Materialization Plans
Materialization turns a capability graph into runnable artifacts. Webcmd uses a two-step flow: prepare a packet from graph context, then apply an agent-authored plan that matches the packet schema.
Workflow materialization
webcmd workflow <app-id> --task "Collect top stories"

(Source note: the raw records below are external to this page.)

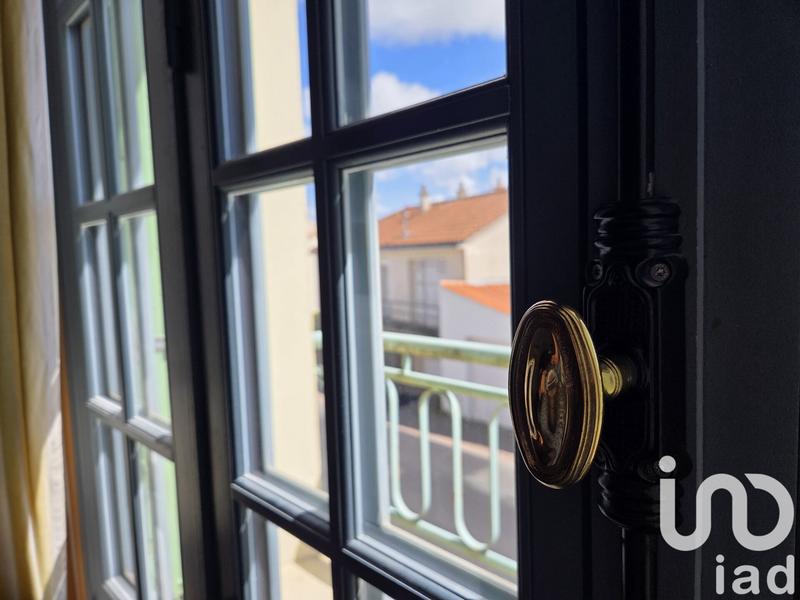 Maison - 102 m² - 4 pièces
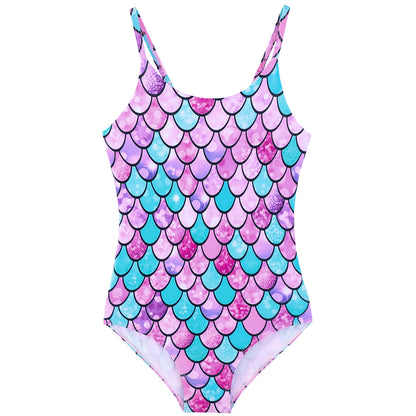 New at Buy Center: Children's Mermaid One-piece Swimsuit YY283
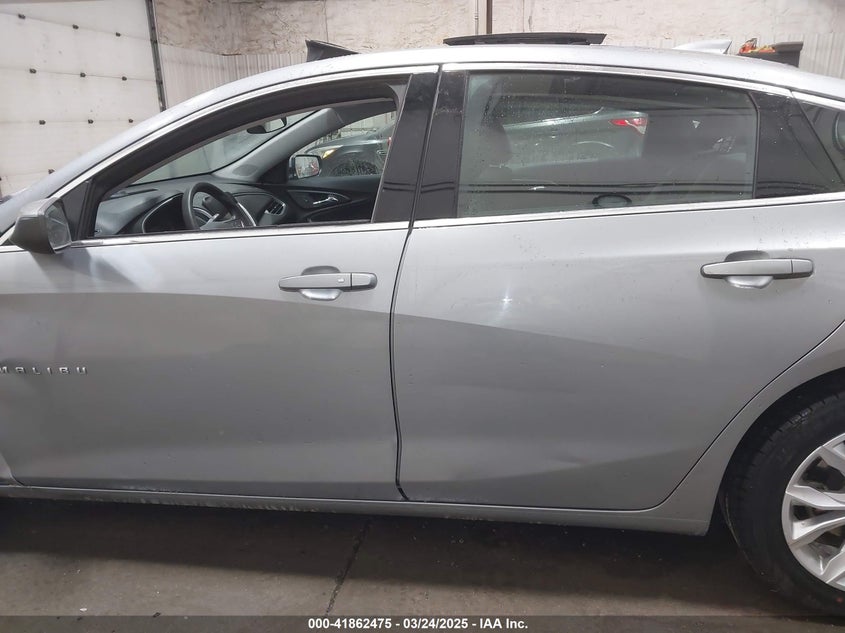 2023 CHEVROLET MALIBU VIN: 1G1ZD5ST3PF226324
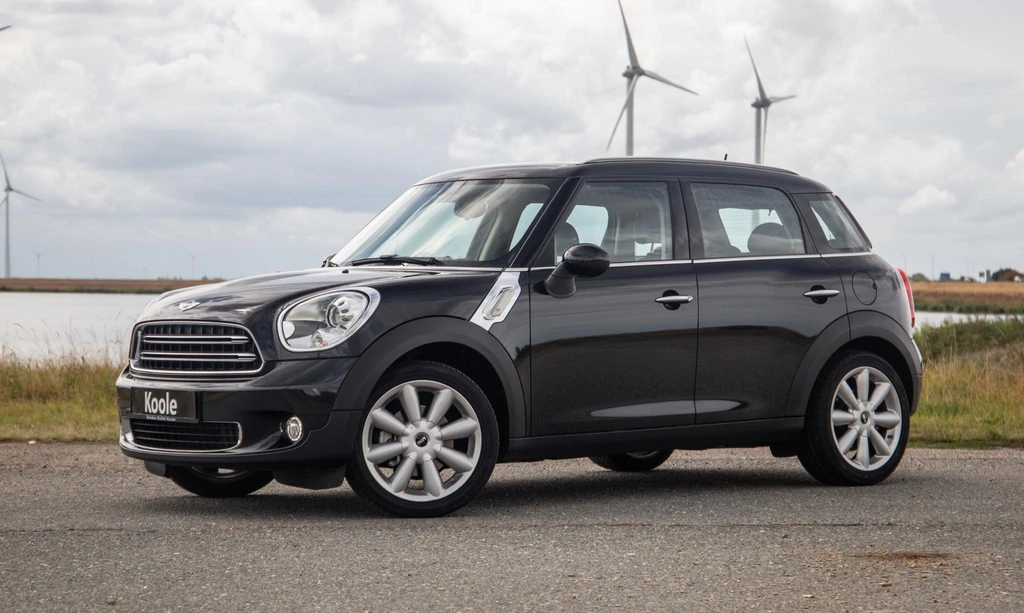 MINI Countryman – foto 4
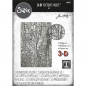 Preview: Sizzix Tim Holtz - 3-D Texture Fades - Cracked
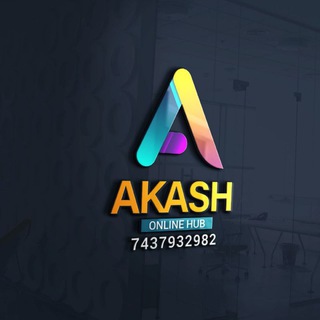 Логотип канала akashbook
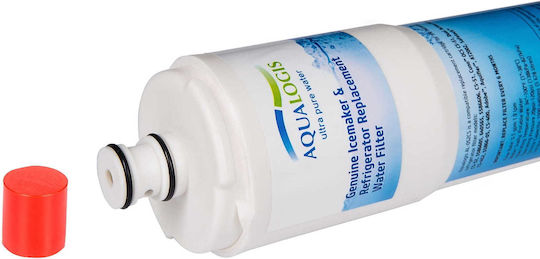 Aqualogis Aqualogis Kühlschrank Wasserfilter Ersatzpatrone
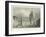 Boppart Church-William Tombleson-Framed Giclee Print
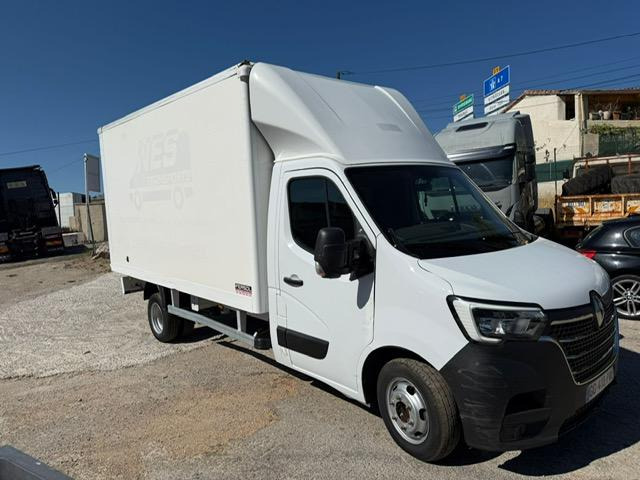 Renault Master 2.5 150 cv - Фургон с закрытым кузовом: фото 1 Renault Master 2.5 150 cv - Фургон с закрытым кузовом: фото 1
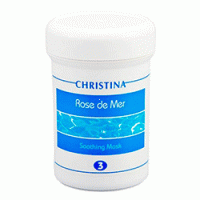 Christina Rose de Mer 3 Soothing Mask , 250 мл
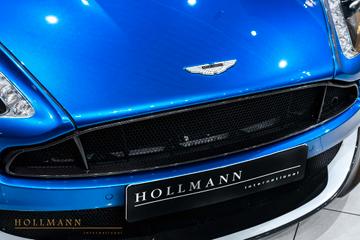 2018 Aston Martin VANQUISH 缩略图 23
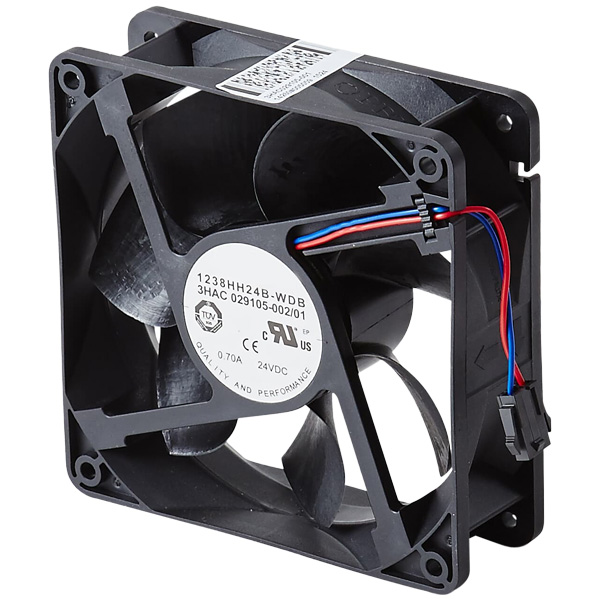 ABB Fan 3HAC029105-001 — Промышленные компоненты
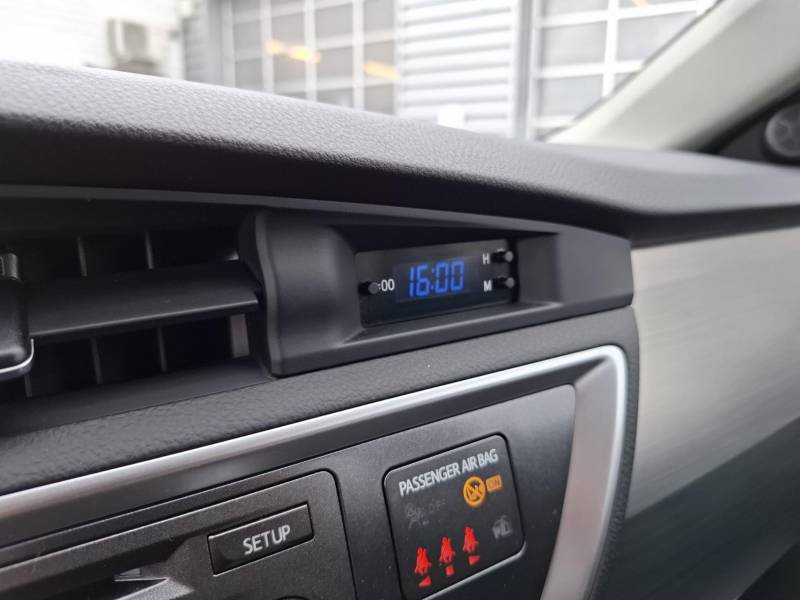 Toyota Auris - Photo 28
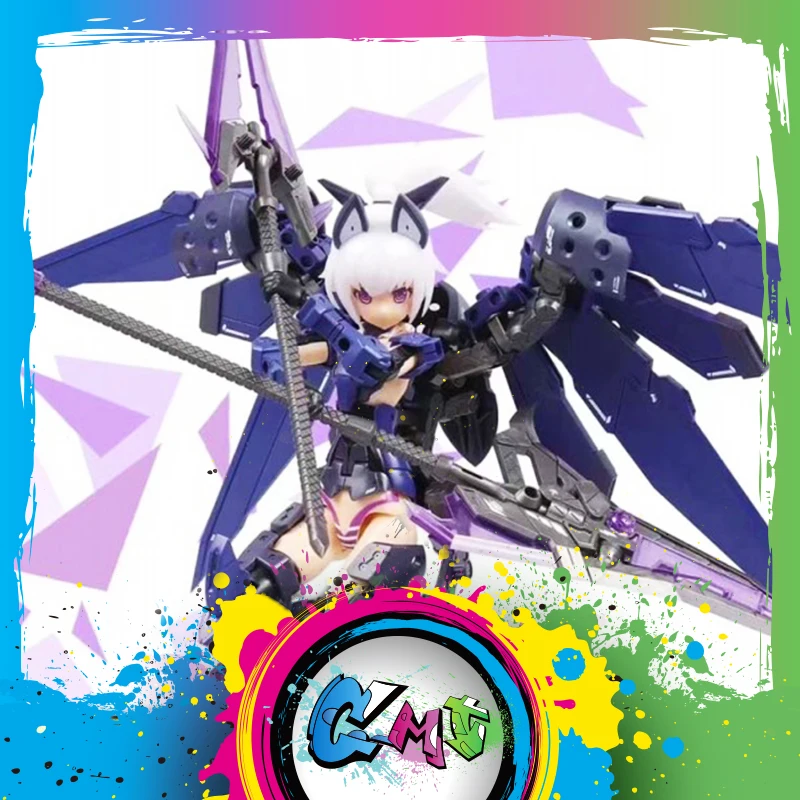 CMT Pretty Armor Ver 2 ms девочка Сокол пластиковая модель комплект аниме игрушки
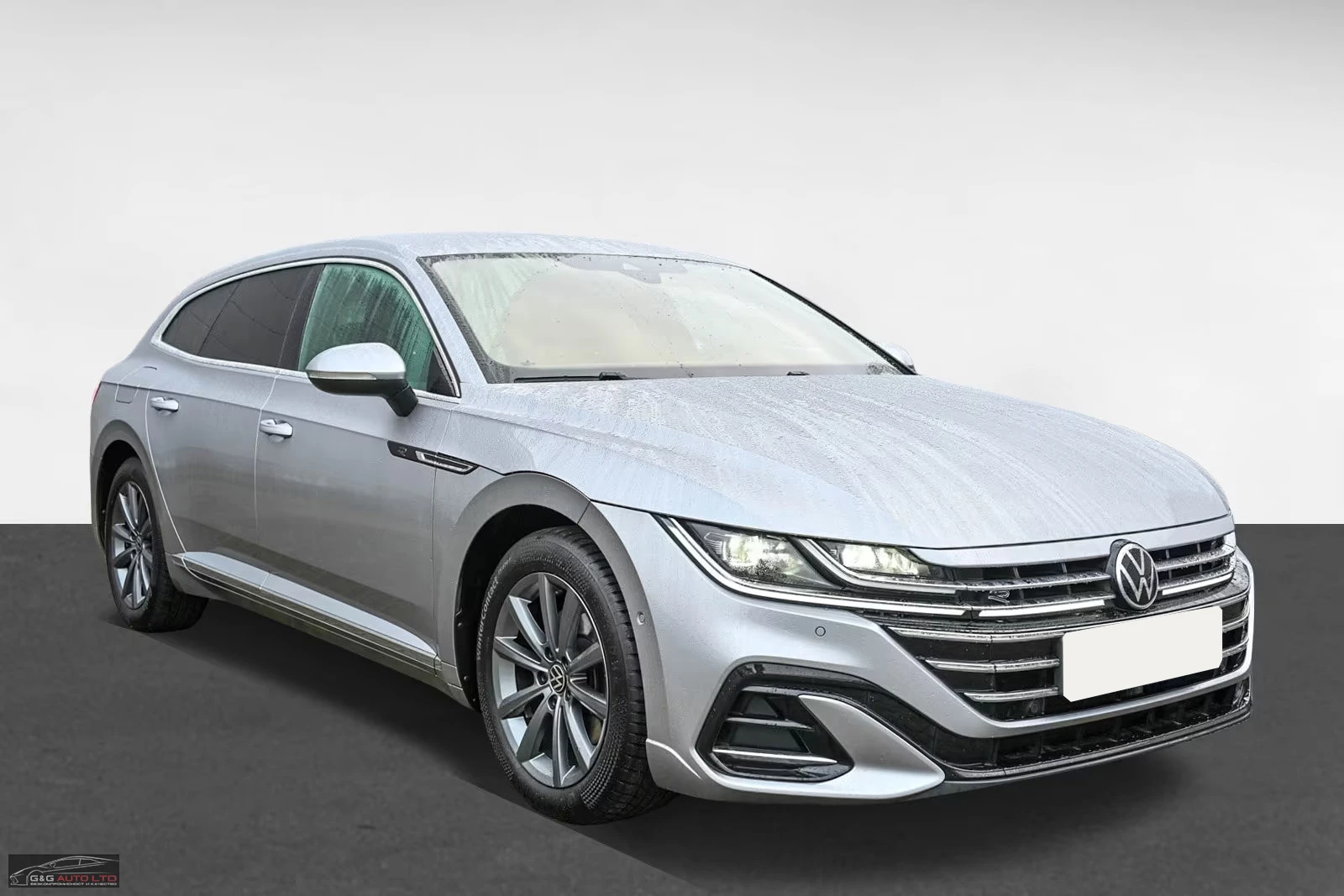 VW Arteon 2.0TSI/R-LINE/190HP/DSG/MASSAGE/KLESS/CARPLAY/305f - изображение 4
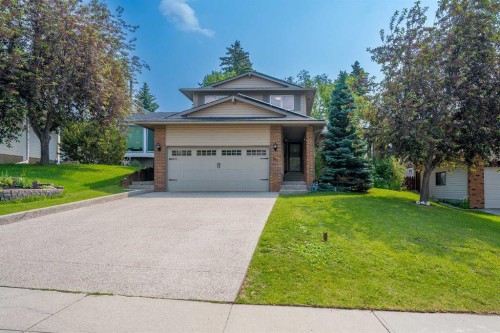 40 Silver Ridge Court Nw, Calgary, AB 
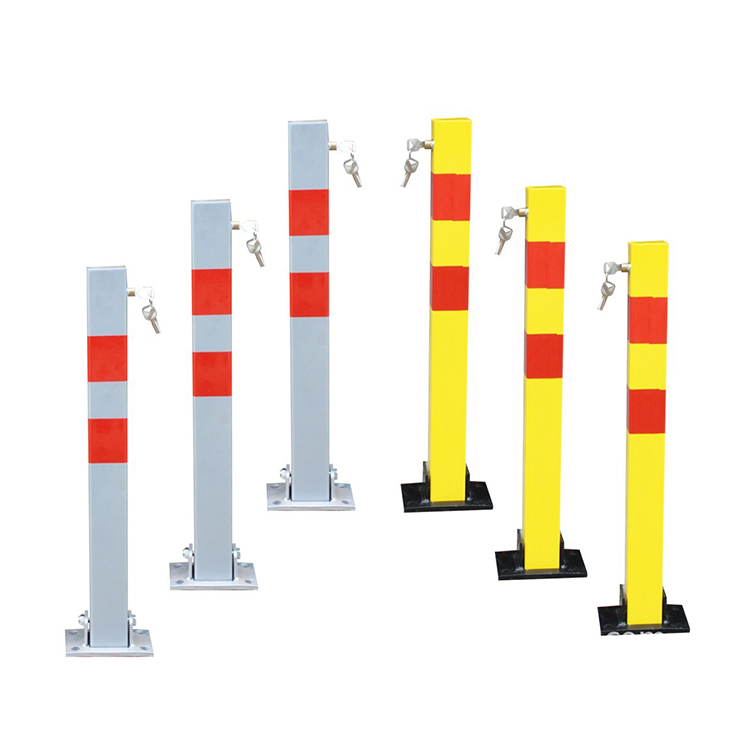 Kinouwell KW-P-886 Manual Lockable Parking Barrier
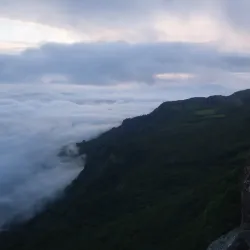 Mount Loura - Dalaba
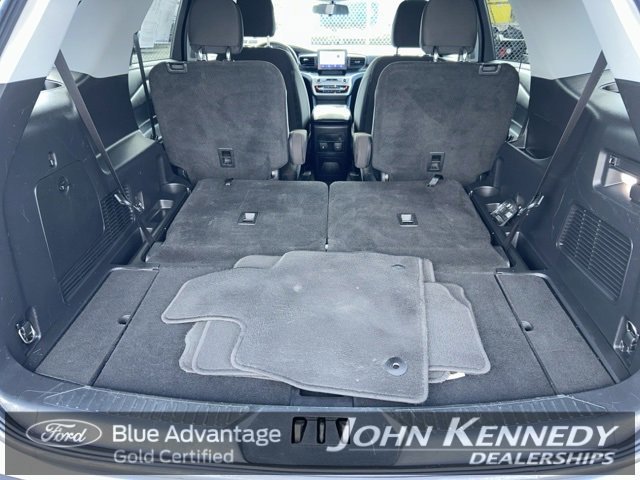Certified 2022 Ford Explorer XLT image 13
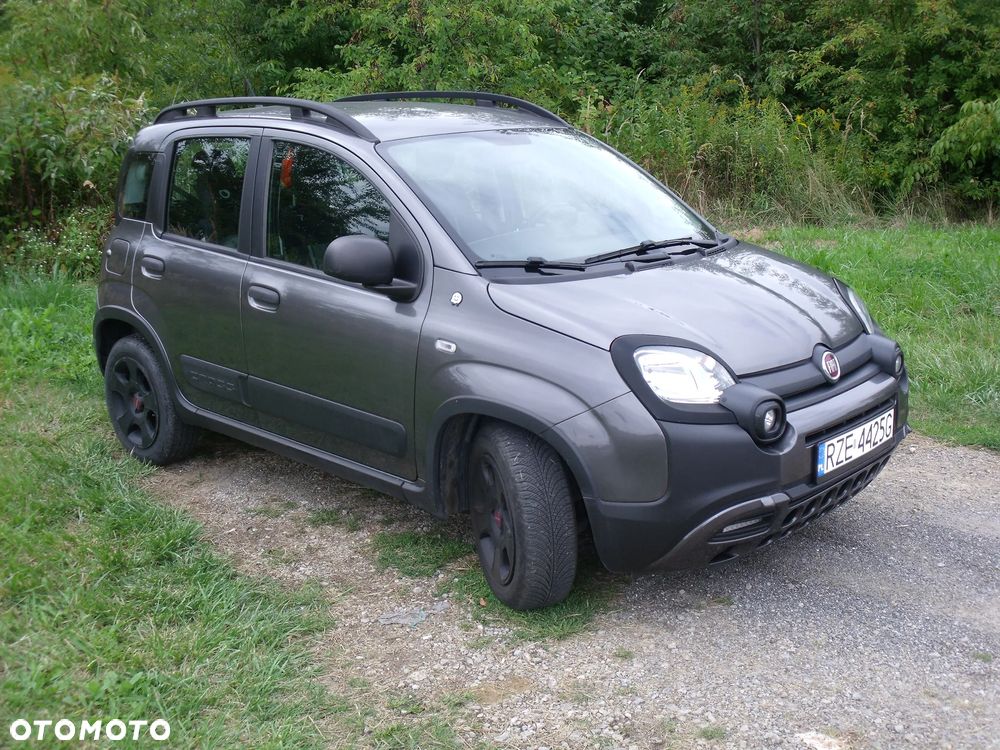 Fiat Panda 1.2 Start&Stop City Cross - 2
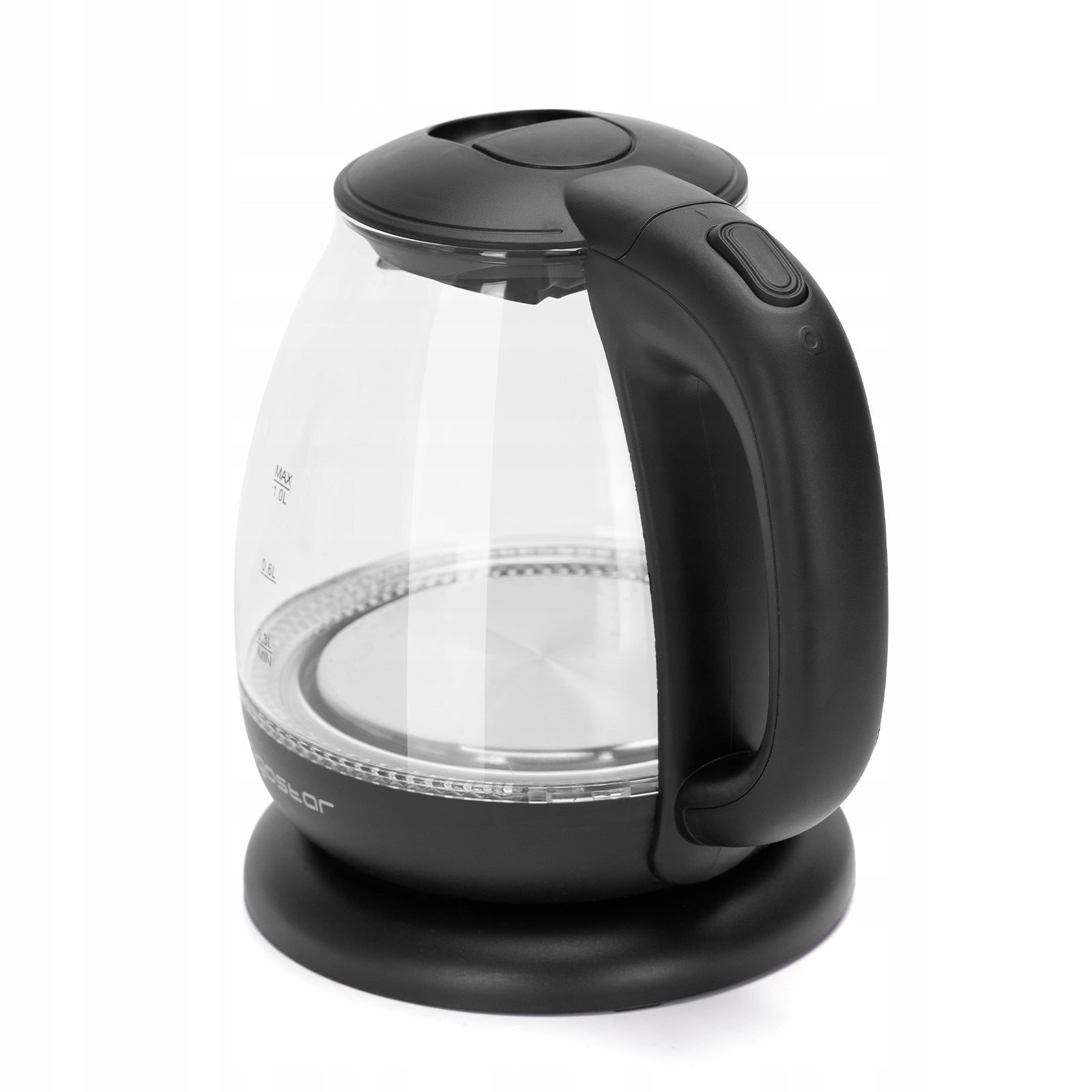 AIGOSTAR ELFIN - ELECTRIC KETTLE - GLASS - LED 1,7L - 2200W Brand Aigostar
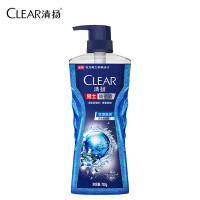 清扬男士系列沐浴露冰凉酷爽720ml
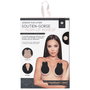 Cosmetic Club Sujetador Adhesivo Push-Up Invisible para Escotes Pronunciados Negro/Beige Tallas A/B/C
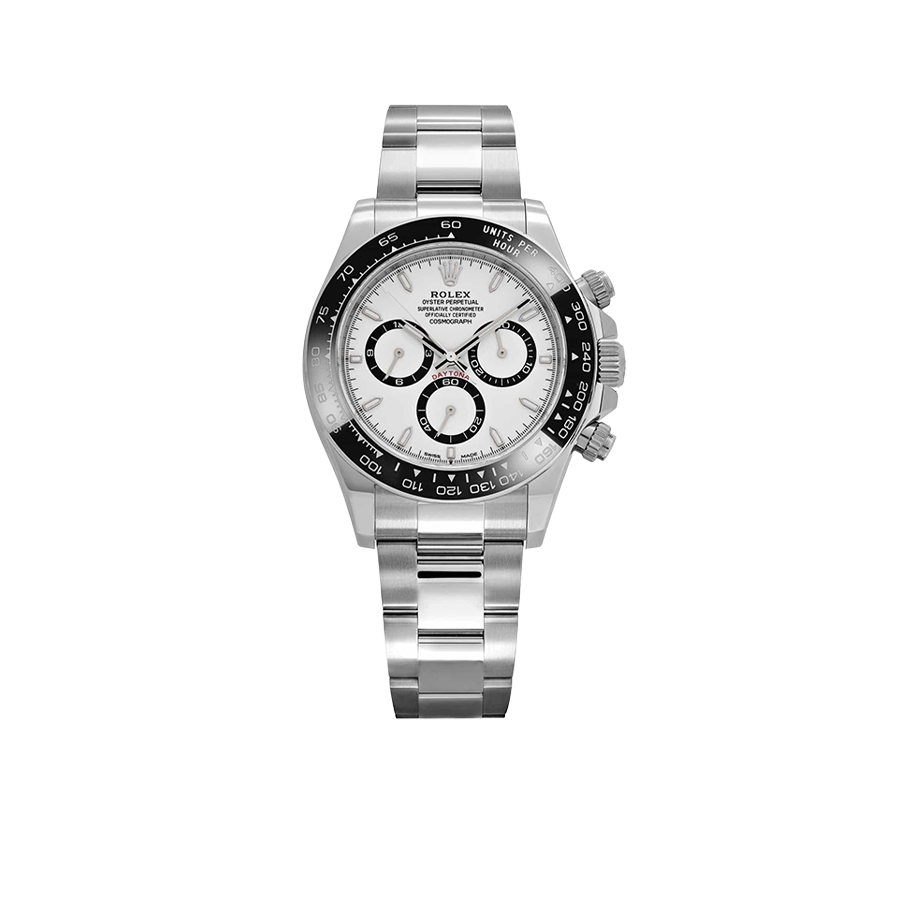 Daytona 126500LN Stainless Steel White Panda Dial (2025)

# writes .webcmd/graphs/<app-id>/workflow.packet.json
webcmd workflow <app-id> --plan .webcmd/graphs/<app-id>/workflow.plan.json
# writes .webcmd/exports/workflows/<domain>/<workflow-id>.mjs
Workflow plan schema:
{
"workflowId": "top-stories",
"uses": [
{ "capability": "hacker_news.list_top_stories", "with": { "limit": "$limit" } }
],
"params": {
"limit": {
"type": "number",
"required": false,
"description": "Maximum number of stories to return"
}
},
"script": "complete executable ESM source"
}
Constraints:
| Field | Rule |
|---|---|
workflowId | Single path segment; no /, \, ., or ... |
uses | At least one known graph capability. |
params | Optional record of typed workflow args: string, number, boolean, json. |
script | Complete .mjs workflow source. |
The script must export workflow = { version: 1, id, task, params, output? } and run(input, options). It should import only createWorkflowRuntime and parseWorkflowArgs from webcmd/runtime, use public runtime methods, honor auth summary, close the runtime, and avoid importing graph/session sidecar files at runtime.
CLI materialization
webcmd cli <app-id> --task "Create a jobs CLI"
# writes .webcmd/graphs/<app-id>/cli.packet.json
webcmd cli <app-id> --plan .webcmd/graphs/<app-id>/cli.plan.json
webcmd cli <app-id> --plan .webcmd/graphs/<app-id>/cli.plan.json --install-skill
webcmd cli <app-id> --plan .webcmd/graphs/<app-id>/cli.plan.json --export skill --force
CLI plans are discriminated by mode.
Create plan
{
"mode": "create",
"commands": [
{
"name": "search",
"description": "Search jobs by keyword",
"uses": ["linkedin.search_jobs"],
"localCode": ["src/index.mjs"],
"smokeTest": {
"args": ["search", "--help"],
"expect": "Search jobs"
}
}
],
"files": {
"package.json": "{ ... }",
"src/index.mjs": "..."
}
}
files must not be empty. File paths must stay inside the generated package, target files rather than the package root, avoid absolute paths, avoid .., and pass package path validation.
Update plan
{
"mode": "update",
"intent": "add-command",
"commands": [
{
"name": "saved",
"description": "List saved jobs",
"uses": ["linkedin.list_saved_jobs"],
"localCode": ["src/index.mjs"],
"smokeTest": {
"args": ["saved", "--help"],
"expect": "saved"
}
}
],
"edits": [
{
"path": "src/index.mjs",
"operation": "replace",
"content": "..."
}
],
"remove": []
}
intent must be add-command, modify-command, remove-command, or refresh-docs. edits must contain at least one write/replace operation. If the plan edits SKILL.md or changes command metadata, commands is required.
CLI command contracts
| Field | Meaning |
|---|---|
name | Generated command name. |
description | Human/agent readable command summary. |
uses | Capability ids used by this command; every id must exist in the graph. |
localCode | Generated package files that implement the command. |
smokeTest.args | Safe validation args; must include --help, --dry-run, or --validate. |
smokeTest.expect | Output text expected from the smoke test. |
Auth-aware workflow implementation
Materialization packets include authSummary. Use it before choosing the runtime pattern:
| Capability auth | Workflow pattern |
|---|---|
| Public-only | createWorkflowRuntime(options). |
browser-cookie or browser-request | createWorkflowRuntime({ ...options, auth: true }); use browser context/http as appropriate. |
page-fetch | Initialize with auth when profile is required, navigate to an allowed app origin, then runtime.pageFetch({ ..., allowedOrigins }). |
intercept | Use runtime.waitForResponse(matcher, action) with a narrow graph-approved matcher and minimal UI trigger. |
manual or unsupported | Do not invent hidden HTTP or credential extraction; report the unsupported path unless UI replay is enough. |
Verification
webcmd verify .webcmd/exports/workflows/<domain>/<workflow-id>.mjs
webcmd verify .webcmd/exports/clis/<domain>
Workflow verification loads the script and runs it with an injected fake runtime. Generated CLI verification validates package structure and metadata. Neither path uses real credentials.